→ **Prompt**: Restate all the data word for word and omit the pictures.
#### Records to use
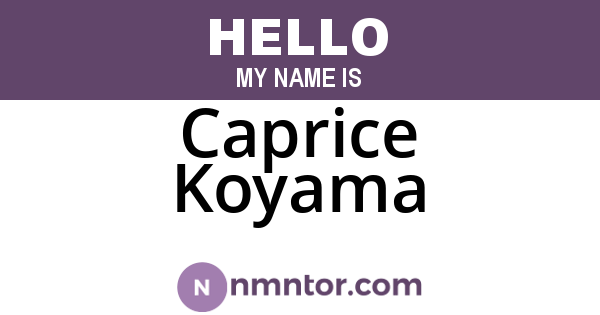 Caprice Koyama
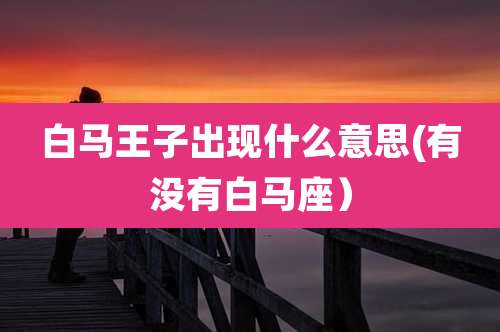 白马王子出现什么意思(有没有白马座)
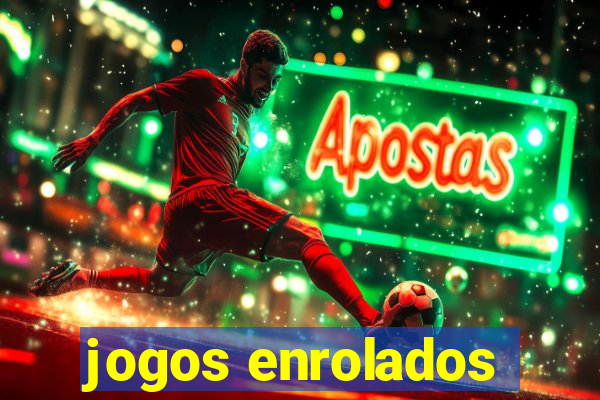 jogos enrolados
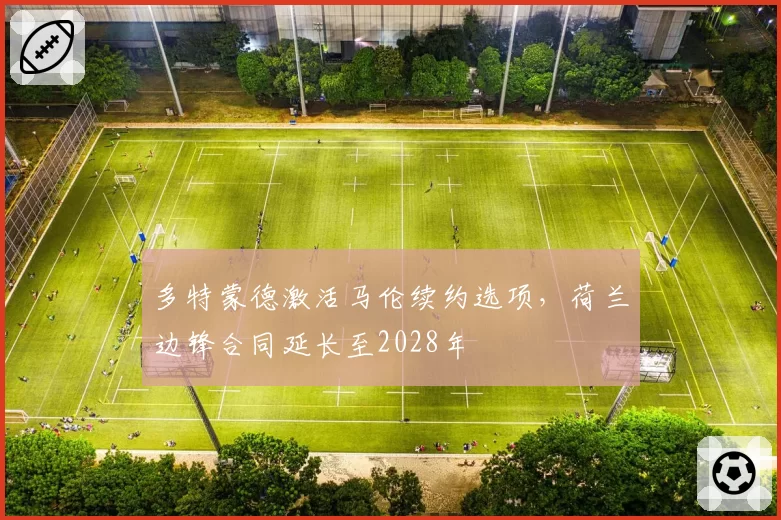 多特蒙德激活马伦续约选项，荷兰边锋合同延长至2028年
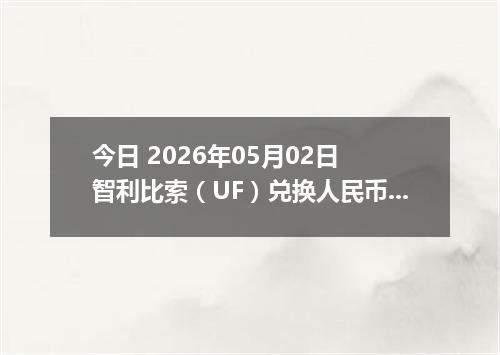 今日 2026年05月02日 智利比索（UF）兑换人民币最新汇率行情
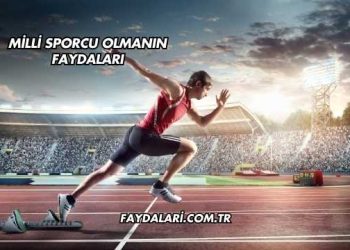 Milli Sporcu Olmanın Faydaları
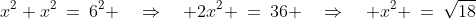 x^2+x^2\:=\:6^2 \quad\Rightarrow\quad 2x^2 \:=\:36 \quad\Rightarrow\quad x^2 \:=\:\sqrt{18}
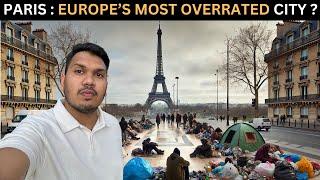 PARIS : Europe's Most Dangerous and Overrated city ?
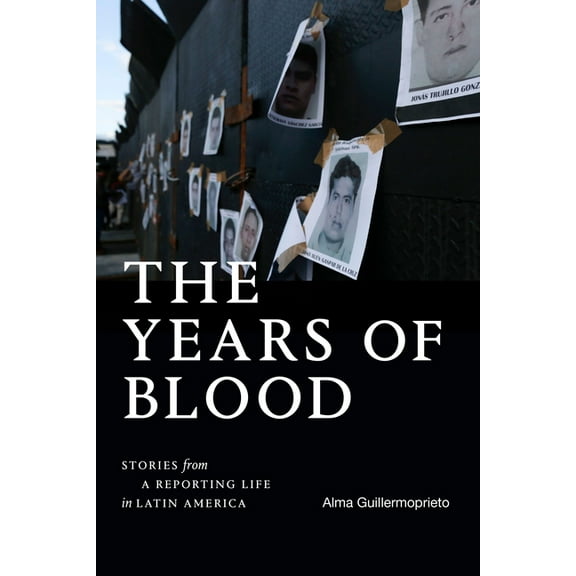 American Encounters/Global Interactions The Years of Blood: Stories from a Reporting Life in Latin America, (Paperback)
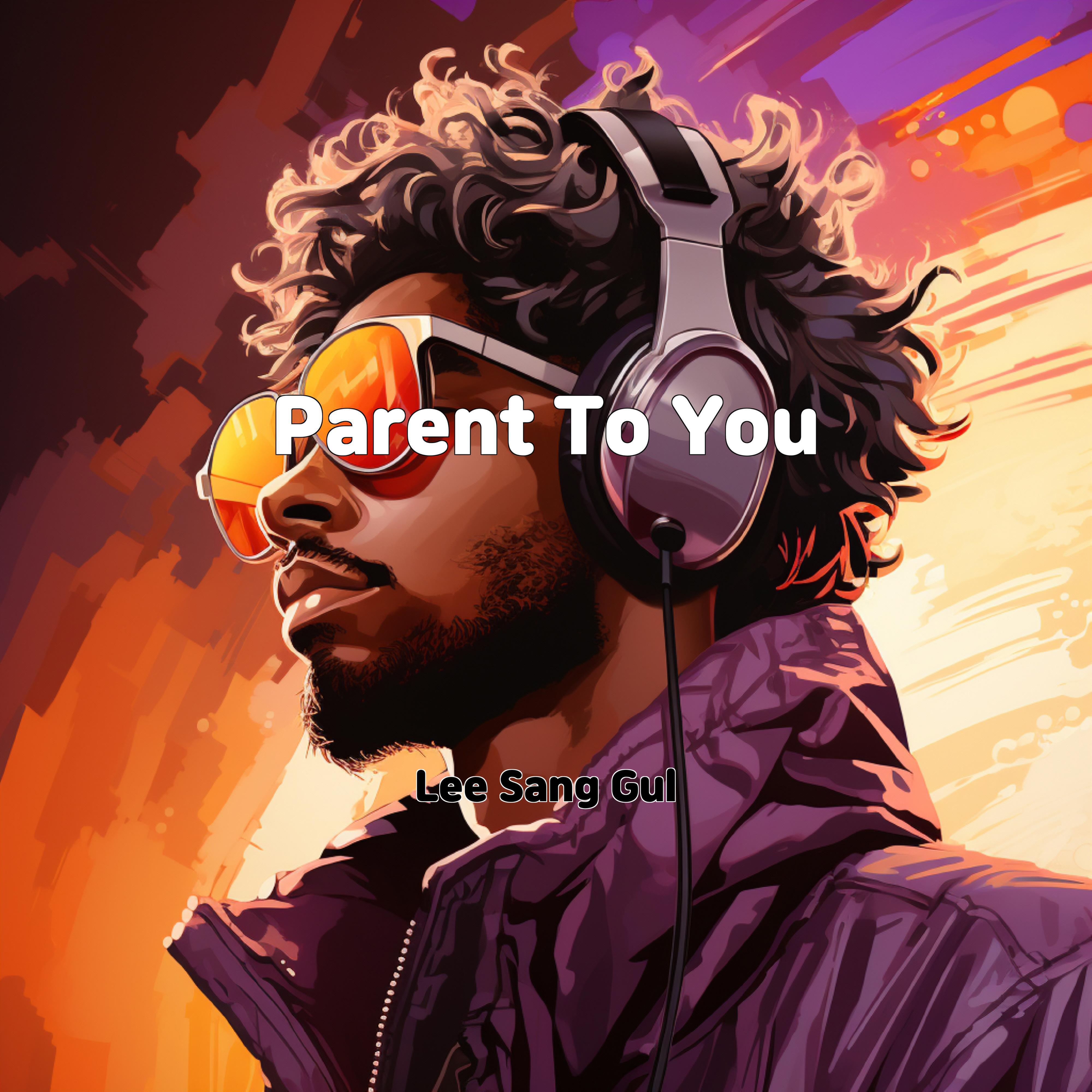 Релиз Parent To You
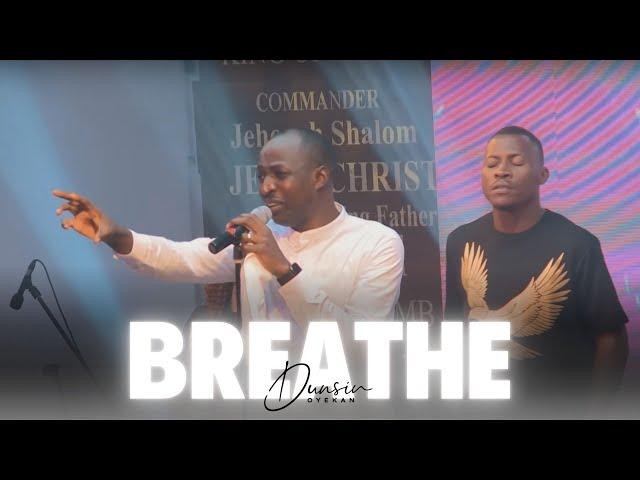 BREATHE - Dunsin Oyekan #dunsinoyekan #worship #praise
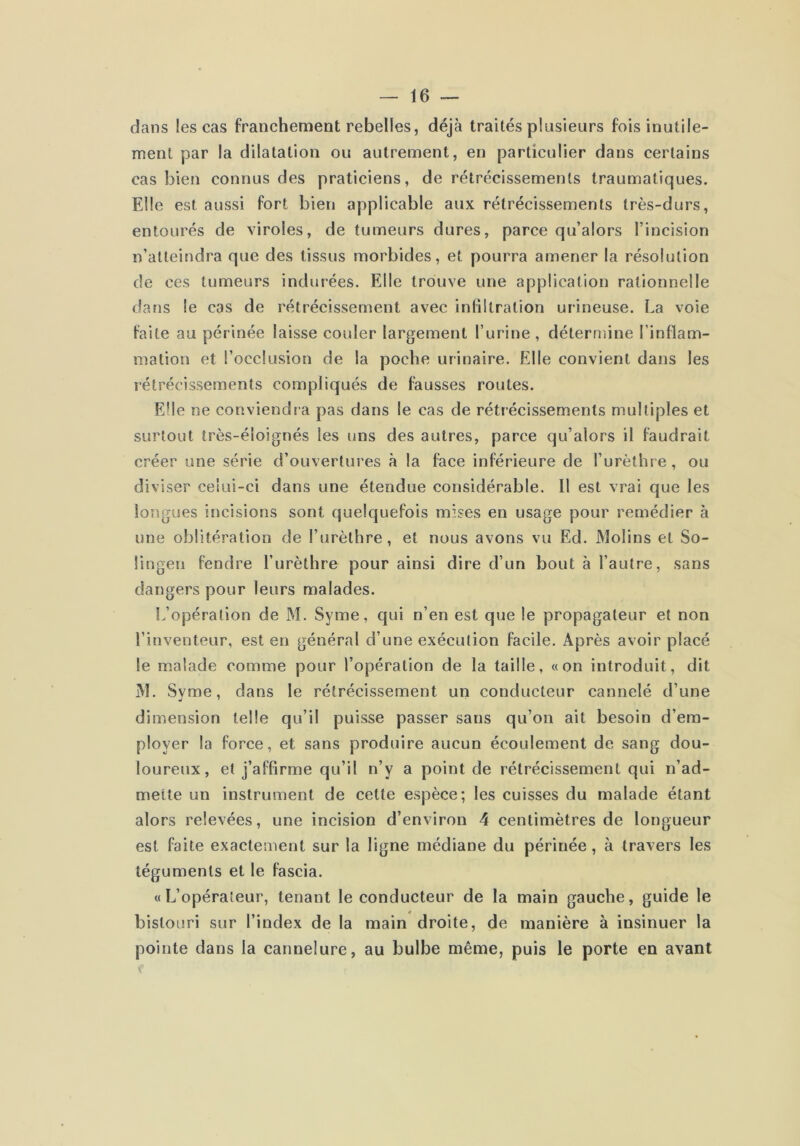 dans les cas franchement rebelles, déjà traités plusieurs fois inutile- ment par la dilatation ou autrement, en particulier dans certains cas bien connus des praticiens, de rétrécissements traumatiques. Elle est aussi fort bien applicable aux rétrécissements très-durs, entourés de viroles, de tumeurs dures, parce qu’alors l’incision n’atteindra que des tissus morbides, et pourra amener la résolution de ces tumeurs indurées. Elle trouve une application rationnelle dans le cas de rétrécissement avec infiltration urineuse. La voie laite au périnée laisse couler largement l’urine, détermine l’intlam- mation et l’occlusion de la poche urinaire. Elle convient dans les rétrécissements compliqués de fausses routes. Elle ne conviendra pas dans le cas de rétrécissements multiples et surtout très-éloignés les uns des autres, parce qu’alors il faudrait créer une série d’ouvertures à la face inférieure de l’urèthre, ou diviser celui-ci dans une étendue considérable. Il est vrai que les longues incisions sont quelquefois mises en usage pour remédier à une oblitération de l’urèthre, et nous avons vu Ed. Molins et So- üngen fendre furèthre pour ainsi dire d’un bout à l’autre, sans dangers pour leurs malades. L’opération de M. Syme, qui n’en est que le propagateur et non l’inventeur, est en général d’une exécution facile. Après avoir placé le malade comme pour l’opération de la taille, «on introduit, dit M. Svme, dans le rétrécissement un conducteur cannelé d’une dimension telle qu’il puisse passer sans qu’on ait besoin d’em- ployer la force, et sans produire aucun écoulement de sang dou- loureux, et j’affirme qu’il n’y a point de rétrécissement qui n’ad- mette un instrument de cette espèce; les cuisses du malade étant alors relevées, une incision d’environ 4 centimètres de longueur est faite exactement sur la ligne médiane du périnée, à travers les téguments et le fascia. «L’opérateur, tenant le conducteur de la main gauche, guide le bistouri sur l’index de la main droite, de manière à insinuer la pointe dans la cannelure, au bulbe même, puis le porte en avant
########
→ **Answer**:
 Caprice Koyama
 白马王子出现什么意思(有没有白马座)
 jogos enrolados
 多特蒙德激活马伦续约选项，荷兰边锋合同延长至2028年
 今日 2026年05月02日 智利比索（UF）兑换人民币最新汇率行情
 Milli Sporcu Olmanın Faydaları
 x^2+x^2\:=\:6^2 \quad\Rightarrow\quad 2x^2 \:=\:36 \quad\Rightarrow\quad x^2 \:=\:\sqrt{18}
 PARIS : Europe's Most Dangerous and Overrated city ?
 American Encounters/Global Interactions The Years of Blood: Stories from a Reporting Life in Latin America, (Paperback)
 Релиз Parent To You
 BREATHE - Dunsin Oyekan #dunsinoyekan #worship #praise
 dans les cas franchement rebelles, déjà traités plusieurs fois inutile- ment par la dilatation ou autrement, en particulier dans certains cas bien connus des praticiens, de rétrécissements traumatiques. Elle est aussi fort bien applicable aux rétrécissements très-durs, entourés de viroles, de tumeurs dures, parce qu’alors l’incision n’atteindra que des tissus morbides, et pourra amener la résolution de ces tumeurs indurées. Elle trouve une application rationnelle dans le cas de rétrécissement avec infiltration urineuse. La voie laite au périnée laisse couler largement l’urine, détermine l’intlam- mation et l’occlusion de la poche urinaire. Elle convient dans les rétrécissements compliqués de fausses routes. Elle ne conviendra pas dans le cas de rétrécissements multiples et surtout très-éloignés les uns des autres, parce qu’alors il faudrait créer une série d’ouvertures à la face inférieure de l’urèthre, ou diviser celui-ci dans une étendue considérable. Il est vrai que les longues incisions sont quelquefois mises en usage pour remédier à une oblitération de l’urèthre, et nous avons vu Ed. Molins et So- üngen fendre furèthre pour ainsi dire d’un bout à l’autre, sans dangers pour leurs malades. L’opération de M. Syme, qui n’en est que le propagateur et non l’inventeur, est en général d’une exécution facile. Après avoir placé le malade comme pour l’opération de la taille, «on introduit, dit M. Svme, dans le rétrécissement un conducteur cannelé d’une dimension telle qu’il puisse passer sans qu’on ait besoin d’em- ployer la force, et sans produire aucun écoulement de sang dou- loureux, et j’affirme qu’il n’y a point de rétrécissement qui n’ad- mette un instrument de cette espèce; les cuisses du malade étant alors relevées, une incision d’environ 4 centimètres de longueur est faite exactement sur la ligne médiane du périnée, à travers les téguments et le fascia. «L’opérateur, tenant le conducteur de la main gauche, guide le bistouri sur l’index de la main droite, de manière à insinuer la pointe dans la cannelure, au bulbe même, puis le porte en avant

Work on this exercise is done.